だが、帰路につく途中川の氾濫で足止めされる。
もうどれだけここに居るのだろう。
気持ちばかりが焦る。
留まる為に寄った大名の館。
帰りたくても帰れない。
『飛鳥…』
名前を呼んでも返事は聞こえない。
言い様のない胸騒ぎ。
元々眠りは浅い。
飛鳥が隣にいる時だけ深く眠れる。
ここに留まってから信長は殆ど寝ていなかった。
寝れば飛鳥が何処かへ行ってしまう夢。
そのまま眠る事はできず朝を迎える。
『家康』
心底不機嫌な信長の元に家康が跪く
『いつになったら安土に戻れる』
一日一回はそう尋ねる
『後数日で橋の修復が終わります。

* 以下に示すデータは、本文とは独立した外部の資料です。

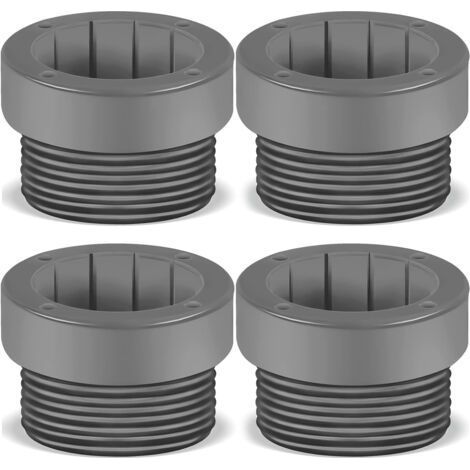 Lot de 4 adaptateurs filetés pour stabilisateur de parasol de piscine, manchons de fixation pour poteau de parasol de piscine, insert stabilisateur pour terrasse extérieure, 4,4 cm (1/4)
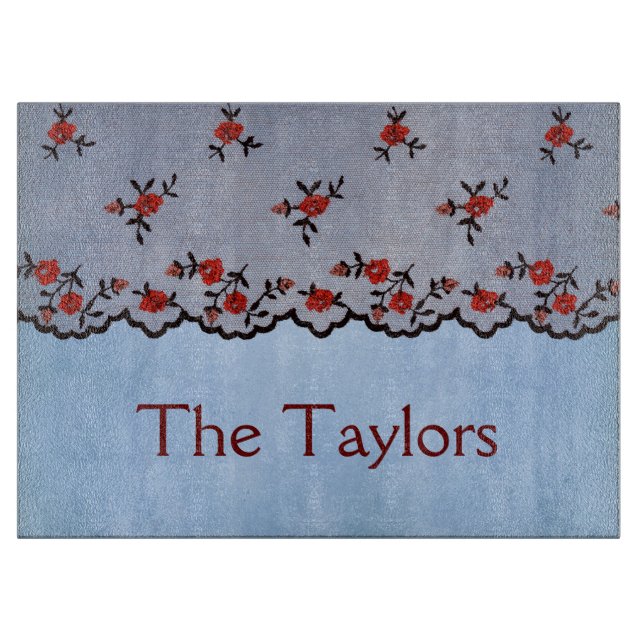 Beautiful Floral Rustic Cutting Board (Front)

もう暫く…』
ため息を吐き目を閉じる
(飛鳥…貴様は今何をしている…)
思う事は飛鳥の事。
熱は下がったのか。
体調は治ったのか。
寂しく…していないか。
決して口に出す事はない。
ただ数日間物思いに耽る信長を見て、家康達もさすがに気付いていた。
信長が夜な夜な飛鳥の名前を呼ぶのは、政宗だけでなく家康も三成も知っている。
これだけ女子で荒れている信長を見るのは、若かりし頃を知っている家康でさえ見た事はない。
それだけ信長とって飛鳥は特別な存在なのだ。